*YOUR GOAL*
Starting at the line with "diaphragm mini pump", return every line through the final one of the data, word for word. Pictures stay out.

*INFORMATION PROVIDED*
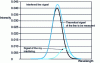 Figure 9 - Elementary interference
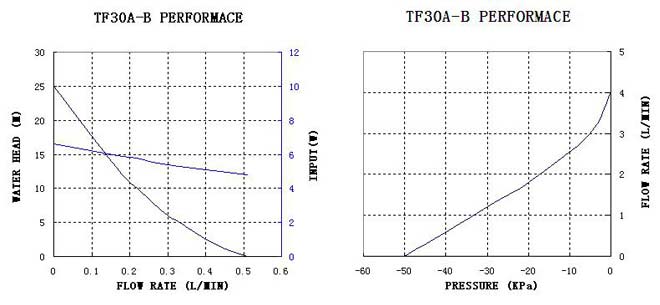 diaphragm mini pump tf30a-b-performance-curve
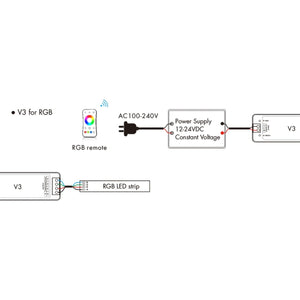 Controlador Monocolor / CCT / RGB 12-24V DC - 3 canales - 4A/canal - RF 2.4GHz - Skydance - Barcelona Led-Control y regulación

*TASK RESULT*
 diaphragm mini pump tf30a-b-performance-curve
 Controlador Monocolor / CCT / RGB 12-24V DC - 3 canales - 4A/canal - RF 2.4GHz - Skydance - Barcelona Led-Control y regulación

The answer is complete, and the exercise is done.